The lesson: Not all revenue is created equal. Quality matters—and it’s often missing from GTM discussions focused on the next quarter.
“Most companies spend time analyzing losses,” he said. “But the smarter question is, ‘Why do we win?’ Find those customers and build from there.”
Customer success can’t be siloed
Sperring believes one major problem for companies is having customer success as a separate function.
“When CS becomes its own silo, shift happens,” he said. Instead, retention and expansion should be everyone’s responsibility—sales, marketing and product.
He said over-investing in go‑to‑market and product—sometimes as much as ~64% of revenue—often occurs without real visibility into usage or value delivered.

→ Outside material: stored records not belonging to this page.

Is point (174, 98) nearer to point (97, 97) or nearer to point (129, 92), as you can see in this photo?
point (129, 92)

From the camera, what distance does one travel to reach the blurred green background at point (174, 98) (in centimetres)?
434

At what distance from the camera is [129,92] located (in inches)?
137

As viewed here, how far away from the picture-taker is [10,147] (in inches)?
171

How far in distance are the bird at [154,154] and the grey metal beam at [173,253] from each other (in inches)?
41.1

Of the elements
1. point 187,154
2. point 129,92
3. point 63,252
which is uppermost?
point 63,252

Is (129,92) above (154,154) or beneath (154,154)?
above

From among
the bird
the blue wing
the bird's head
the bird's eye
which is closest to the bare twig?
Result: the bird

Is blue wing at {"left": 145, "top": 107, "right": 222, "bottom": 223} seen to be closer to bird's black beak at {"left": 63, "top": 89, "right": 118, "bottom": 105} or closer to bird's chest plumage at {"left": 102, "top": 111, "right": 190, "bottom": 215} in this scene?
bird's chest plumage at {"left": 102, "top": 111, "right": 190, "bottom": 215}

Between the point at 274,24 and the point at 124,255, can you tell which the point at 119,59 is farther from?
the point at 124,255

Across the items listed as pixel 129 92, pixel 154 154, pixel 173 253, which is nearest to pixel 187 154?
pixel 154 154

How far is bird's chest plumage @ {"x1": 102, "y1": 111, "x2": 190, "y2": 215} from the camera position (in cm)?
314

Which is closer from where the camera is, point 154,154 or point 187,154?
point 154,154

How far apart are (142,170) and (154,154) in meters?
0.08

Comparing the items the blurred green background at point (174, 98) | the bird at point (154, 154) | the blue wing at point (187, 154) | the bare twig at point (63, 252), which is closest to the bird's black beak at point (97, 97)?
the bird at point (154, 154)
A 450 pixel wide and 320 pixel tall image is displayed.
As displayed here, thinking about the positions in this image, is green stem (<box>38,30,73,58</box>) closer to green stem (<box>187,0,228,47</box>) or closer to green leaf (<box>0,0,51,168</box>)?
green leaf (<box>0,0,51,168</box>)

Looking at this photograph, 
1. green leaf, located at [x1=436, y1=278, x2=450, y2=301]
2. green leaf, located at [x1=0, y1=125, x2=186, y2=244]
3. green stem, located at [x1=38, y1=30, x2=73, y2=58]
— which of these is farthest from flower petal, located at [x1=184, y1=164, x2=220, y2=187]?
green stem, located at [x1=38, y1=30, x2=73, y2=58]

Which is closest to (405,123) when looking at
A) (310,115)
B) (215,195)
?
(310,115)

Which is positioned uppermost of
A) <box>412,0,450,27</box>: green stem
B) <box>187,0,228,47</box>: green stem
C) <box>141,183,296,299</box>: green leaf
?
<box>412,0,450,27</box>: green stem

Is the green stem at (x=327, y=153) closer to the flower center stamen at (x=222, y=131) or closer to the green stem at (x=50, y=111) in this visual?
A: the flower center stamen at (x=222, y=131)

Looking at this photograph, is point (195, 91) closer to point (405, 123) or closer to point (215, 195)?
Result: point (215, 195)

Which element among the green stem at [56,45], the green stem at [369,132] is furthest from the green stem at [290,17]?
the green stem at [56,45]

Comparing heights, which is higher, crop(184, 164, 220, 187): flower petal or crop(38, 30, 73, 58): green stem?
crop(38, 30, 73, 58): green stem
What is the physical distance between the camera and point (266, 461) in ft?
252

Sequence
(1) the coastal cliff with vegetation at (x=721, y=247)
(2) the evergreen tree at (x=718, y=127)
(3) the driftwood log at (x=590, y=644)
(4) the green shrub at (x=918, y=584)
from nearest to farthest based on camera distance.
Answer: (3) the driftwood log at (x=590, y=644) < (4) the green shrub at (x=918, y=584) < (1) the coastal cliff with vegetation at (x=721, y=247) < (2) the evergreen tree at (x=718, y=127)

As a result, CS becomes a quick fix for a deeper problem like misaligned ICP or weak product fit.
Misaligned incentives undermine growth
It’s not just data—it’s how teams are measured. The GTM culture rewards short-term wins, which can come back to bite you later.

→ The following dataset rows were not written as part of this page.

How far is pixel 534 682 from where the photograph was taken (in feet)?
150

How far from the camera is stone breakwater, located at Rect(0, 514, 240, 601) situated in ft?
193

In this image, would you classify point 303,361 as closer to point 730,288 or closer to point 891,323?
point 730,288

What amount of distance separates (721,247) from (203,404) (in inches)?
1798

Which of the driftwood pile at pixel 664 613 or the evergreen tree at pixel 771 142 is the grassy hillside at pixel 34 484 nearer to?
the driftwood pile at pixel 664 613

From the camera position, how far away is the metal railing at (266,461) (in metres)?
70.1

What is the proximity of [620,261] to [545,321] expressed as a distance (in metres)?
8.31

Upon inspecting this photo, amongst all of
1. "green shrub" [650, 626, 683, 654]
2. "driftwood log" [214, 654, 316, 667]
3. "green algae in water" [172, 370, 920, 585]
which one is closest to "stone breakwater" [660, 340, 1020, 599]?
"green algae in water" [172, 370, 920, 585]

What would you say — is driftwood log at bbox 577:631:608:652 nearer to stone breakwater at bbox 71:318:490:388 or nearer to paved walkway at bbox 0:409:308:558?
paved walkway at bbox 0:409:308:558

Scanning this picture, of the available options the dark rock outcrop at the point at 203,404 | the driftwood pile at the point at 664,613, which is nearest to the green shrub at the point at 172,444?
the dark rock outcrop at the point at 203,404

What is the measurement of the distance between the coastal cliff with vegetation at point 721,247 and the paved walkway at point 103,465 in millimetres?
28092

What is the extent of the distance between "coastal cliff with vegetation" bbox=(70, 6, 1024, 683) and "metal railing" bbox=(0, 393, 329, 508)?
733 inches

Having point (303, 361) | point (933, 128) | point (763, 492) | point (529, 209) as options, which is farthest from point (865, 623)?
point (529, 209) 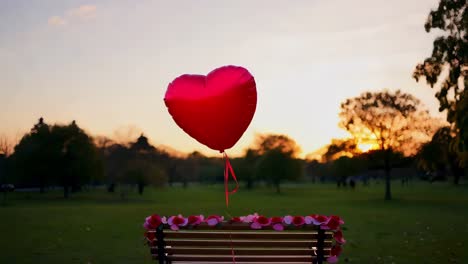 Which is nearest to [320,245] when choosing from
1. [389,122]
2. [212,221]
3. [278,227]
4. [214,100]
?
[278,227]

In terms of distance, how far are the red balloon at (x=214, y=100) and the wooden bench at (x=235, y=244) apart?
1.58 meters

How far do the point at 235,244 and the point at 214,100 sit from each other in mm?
1888

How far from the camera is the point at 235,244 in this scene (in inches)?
248

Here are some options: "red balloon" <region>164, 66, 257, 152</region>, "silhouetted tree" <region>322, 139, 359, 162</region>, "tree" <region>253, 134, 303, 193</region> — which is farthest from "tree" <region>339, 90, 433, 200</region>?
"red balloon" <region>164, 66, 257, 152</region>

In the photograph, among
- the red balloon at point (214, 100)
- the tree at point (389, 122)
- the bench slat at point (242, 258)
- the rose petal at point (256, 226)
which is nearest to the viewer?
the rose petal at point (256, 226)

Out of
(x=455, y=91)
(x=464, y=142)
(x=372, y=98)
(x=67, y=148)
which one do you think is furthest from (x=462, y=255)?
(x=67, y=148)

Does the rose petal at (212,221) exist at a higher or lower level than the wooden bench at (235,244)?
higher

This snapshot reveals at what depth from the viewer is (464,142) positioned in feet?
43.0

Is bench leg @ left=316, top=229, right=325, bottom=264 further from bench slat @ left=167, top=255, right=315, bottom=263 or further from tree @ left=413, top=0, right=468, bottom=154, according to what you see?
tree @ left=413, top=0, right=468, bottom=154

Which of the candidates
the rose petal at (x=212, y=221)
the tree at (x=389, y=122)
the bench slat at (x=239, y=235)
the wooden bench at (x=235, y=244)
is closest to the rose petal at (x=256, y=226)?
the wooden bench at (x=235, y=244)

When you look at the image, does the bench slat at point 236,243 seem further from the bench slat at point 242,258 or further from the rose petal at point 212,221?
the rose petal at point 212,221

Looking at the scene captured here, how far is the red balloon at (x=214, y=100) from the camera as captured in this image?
6.86 metres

“When everyone’s focused on bookings, you’ll take any deal to hit the number,” Sperring said. “But today’s wins can become tomorrow’s liabilities.”

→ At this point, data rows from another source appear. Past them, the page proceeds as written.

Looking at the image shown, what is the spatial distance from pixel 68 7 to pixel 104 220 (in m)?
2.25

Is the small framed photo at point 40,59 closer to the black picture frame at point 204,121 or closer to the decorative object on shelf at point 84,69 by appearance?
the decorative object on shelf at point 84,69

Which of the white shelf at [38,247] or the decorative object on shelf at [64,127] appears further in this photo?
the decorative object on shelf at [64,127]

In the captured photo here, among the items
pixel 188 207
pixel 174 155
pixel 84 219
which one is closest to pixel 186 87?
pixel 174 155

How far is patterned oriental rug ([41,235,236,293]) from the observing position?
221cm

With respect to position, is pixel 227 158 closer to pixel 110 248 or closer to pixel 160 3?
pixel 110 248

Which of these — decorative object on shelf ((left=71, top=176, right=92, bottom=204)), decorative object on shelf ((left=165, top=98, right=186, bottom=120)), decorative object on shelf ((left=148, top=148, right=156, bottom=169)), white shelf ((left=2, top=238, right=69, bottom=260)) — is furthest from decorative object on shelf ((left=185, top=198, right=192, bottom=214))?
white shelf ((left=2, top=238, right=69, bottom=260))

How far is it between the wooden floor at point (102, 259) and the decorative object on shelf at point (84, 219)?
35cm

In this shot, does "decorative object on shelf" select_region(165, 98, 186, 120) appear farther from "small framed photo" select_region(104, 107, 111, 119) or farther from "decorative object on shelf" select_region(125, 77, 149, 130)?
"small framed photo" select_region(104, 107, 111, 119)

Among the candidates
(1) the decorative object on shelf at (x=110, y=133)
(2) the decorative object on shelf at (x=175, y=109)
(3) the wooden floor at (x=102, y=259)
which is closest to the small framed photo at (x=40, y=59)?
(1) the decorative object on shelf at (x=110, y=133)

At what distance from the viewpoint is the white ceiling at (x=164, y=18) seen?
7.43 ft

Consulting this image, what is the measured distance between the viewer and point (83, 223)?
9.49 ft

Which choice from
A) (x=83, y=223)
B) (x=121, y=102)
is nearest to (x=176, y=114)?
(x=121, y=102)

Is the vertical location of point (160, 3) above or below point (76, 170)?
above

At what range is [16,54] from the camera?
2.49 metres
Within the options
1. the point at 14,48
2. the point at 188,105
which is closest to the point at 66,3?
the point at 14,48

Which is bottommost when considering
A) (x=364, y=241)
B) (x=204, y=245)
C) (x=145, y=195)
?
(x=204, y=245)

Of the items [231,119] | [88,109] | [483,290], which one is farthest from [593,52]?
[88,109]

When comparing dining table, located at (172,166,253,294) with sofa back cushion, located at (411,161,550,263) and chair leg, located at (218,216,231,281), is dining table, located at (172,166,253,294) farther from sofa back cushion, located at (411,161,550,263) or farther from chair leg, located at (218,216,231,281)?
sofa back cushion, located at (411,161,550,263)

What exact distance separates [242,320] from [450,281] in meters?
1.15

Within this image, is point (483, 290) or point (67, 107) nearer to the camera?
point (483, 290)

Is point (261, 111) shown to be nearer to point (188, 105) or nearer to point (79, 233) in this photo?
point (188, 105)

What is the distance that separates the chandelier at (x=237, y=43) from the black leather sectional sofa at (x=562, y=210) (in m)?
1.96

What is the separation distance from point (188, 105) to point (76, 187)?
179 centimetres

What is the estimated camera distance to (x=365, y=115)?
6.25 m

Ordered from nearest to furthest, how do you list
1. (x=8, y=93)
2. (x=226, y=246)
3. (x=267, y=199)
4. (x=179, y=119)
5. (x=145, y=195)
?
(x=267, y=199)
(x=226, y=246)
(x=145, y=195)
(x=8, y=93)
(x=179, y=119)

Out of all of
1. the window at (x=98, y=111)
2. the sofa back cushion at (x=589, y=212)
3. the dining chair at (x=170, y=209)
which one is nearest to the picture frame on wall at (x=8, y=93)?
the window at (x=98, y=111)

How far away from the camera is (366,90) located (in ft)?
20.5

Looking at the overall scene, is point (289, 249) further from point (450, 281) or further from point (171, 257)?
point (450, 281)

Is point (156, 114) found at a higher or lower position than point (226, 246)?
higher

Instead of relying on intent or pipeline signals, companies should use actual retention and LTV data. That can highlight which segments produce recurring value, steering teams toward profitable growth.
Most ABM and martech tools use shallow proxies like visits or engagement spikes to generate fit scores. One customer spent $200K on such a tool, only to find that those “ideal segments” spanned 17 industries, many with low LTV and high churn.
“Intent is helpful,” Sperring said. “Only when you’ve validated that segment through retention and real product use.”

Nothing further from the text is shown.